* Action item
Which lines come from the start of the records through the line that holds "Burberry Boy's Plaid"? Write them out word for word.
Data shown Block Start
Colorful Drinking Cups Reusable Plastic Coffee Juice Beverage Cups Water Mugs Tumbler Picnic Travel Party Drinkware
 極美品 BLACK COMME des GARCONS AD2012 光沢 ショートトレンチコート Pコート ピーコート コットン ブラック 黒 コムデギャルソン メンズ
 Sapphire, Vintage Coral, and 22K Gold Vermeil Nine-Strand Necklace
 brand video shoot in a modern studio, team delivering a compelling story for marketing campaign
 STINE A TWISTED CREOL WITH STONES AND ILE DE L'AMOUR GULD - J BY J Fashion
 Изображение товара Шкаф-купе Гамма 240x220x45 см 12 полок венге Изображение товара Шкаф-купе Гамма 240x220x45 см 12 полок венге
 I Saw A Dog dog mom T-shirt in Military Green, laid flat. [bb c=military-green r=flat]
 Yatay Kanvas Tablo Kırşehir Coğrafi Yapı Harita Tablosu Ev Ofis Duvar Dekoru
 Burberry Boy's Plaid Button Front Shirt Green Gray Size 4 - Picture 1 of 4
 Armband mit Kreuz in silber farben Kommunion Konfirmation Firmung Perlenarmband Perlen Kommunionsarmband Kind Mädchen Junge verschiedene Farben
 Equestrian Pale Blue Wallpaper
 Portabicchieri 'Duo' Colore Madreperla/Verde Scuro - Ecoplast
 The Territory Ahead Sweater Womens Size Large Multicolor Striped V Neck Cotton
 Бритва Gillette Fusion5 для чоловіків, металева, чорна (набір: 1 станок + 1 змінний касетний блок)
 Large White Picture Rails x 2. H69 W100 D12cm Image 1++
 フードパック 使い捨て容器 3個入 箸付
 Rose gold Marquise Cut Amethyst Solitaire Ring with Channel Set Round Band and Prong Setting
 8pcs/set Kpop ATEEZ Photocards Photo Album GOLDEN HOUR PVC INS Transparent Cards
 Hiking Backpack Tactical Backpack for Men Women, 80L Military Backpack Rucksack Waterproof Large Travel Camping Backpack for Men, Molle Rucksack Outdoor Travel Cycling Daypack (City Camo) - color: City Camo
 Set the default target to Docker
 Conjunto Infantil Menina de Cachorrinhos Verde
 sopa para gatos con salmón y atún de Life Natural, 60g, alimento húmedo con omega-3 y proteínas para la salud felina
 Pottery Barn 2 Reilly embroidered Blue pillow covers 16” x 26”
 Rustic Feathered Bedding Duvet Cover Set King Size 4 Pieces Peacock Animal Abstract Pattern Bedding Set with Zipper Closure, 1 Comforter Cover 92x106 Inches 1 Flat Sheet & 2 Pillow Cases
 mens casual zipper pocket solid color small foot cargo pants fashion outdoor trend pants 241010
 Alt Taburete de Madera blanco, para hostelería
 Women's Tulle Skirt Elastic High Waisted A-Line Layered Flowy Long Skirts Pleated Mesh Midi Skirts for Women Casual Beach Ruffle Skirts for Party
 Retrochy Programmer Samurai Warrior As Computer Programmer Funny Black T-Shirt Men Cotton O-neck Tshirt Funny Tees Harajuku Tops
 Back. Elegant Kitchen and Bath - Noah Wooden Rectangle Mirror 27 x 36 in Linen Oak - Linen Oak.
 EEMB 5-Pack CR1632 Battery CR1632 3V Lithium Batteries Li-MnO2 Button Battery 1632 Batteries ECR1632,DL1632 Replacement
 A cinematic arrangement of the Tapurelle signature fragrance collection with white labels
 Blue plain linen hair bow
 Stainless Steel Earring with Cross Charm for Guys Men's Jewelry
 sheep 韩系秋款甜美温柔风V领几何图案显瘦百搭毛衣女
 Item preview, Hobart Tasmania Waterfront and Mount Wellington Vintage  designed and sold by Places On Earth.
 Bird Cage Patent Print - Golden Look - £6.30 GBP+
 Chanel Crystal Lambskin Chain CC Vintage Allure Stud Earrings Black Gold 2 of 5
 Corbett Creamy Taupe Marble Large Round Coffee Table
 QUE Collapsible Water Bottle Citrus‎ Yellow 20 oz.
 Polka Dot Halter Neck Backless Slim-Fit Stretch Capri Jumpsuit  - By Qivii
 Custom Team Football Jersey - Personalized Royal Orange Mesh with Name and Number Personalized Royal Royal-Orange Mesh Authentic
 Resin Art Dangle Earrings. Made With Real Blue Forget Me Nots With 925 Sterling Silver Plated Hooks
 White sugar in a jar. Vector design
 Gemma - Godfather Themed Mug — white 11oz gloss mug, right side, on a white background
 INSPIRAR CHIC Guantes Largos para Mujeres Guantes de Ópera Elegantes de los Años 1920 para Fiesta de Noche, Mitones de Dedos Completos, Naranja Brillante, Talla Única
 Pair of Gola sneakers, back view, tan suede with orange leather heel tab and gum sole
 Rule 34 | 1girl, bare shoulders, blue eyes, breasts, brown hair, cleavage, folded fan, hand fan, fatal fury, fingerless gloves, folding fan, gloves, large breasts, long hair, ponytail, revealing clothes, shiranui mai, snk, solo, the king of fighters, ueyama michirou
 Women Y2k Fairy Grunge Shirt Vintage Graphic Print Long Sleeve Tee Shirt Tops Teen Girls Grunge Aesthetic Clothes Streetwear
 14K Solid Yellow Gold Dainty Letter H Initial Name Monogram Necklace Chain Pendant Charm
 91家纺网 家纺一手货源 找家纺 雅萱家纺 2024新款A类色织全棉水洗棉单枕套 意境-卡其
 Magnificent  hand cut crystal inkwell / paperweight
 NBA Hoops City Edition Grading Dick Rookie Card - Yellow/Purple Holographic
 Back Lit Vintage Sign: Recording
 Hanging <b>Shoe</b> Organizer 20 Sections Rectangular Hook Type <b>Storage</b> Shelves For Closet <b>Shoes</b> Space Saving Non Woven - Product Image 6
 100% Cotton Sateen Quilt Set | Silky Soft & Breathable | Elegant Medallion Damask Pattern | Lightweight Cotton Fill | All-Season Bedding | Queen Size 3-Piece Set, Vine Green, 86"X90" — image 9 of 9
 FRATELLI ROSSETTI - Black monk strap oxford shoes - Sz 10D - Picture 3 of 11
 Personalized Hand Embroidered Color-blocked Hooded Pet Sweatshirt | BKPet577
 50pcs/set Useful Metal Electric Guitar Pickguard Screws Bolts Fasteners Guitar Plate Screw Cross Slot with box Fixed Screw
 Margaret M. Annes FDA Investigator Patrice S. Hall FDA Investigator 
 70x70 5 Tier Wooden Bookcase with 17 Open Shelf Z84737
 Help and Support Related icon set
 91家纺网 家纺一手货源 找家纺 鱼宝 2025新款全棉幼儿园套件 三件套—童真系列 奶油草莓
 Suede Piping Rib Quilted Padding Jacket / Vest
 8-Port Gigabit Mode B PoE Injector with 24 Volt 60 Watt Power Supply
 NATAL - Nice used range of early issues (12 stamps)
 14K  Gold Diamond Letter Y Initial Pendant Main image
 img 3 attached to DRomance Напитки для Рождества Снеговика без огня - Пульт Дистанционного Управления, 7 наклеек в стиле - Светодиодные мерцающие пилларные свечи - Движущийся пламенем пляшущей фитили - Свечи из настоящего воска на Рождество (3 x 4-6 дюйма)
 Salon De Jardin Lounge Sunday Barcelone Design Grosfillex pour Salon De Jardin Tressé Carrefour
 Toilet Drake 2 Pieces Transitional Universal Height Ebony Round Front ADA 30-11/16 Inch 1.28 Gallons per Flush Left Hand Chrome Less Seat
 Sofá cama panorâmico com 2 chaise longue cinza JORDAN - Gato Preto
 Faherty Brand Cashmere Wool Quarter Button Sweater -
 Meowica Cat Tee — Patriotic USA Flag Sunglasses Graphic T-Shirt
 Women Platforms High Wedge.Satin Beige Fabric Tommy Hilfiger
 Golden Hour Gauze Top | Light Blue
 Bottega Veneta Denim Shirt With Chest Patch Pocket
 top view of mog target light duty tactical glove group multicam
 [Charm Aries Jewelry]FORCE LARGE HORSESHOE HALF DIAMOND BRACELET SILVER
Data shown Block End
* Exercise answer
Colorful Drinking Cups Reusable Plastic Coffee Juice Beverage Cups Water Mugs Tumbler Picnic Travel Party Drinkware
 極美品 BLACK COMME des GARCONS AD2012 光沢 ショートトレンチコート Pコート ピーコート コットン ブラック 黒 コムデギャルソン メンズ
 Sapphire, Vintage Coral, and 22K Gold Vermeil Nine-Strand Necklace
 brand video shoot in a modern studio, team delivering a compelling story for marketing campaign
 STINE A TWISTED CREOL WITH STONES AND ILE DE L'AMOUR GULD - J BY J Fashion
 Изображение товара Шкаф-купе Гамма 240x220x45 см 12 полок венге Изображение товара Шкаф-купе Гамма 240x220x45 см 12 полок венге
 I Saw A Dog dog mom T-shirt in Military Green, laid flat. [bb c=military-green r=flat]
 Yatay Kanvas Tablo Kırşehir Coğrafi Yapı Harita Tablosu Ev Ofis Duvar Dekoru
 Burberry Boy's Plaid Button Front Shirt Green Gray Size 4 - Picture 1 of 4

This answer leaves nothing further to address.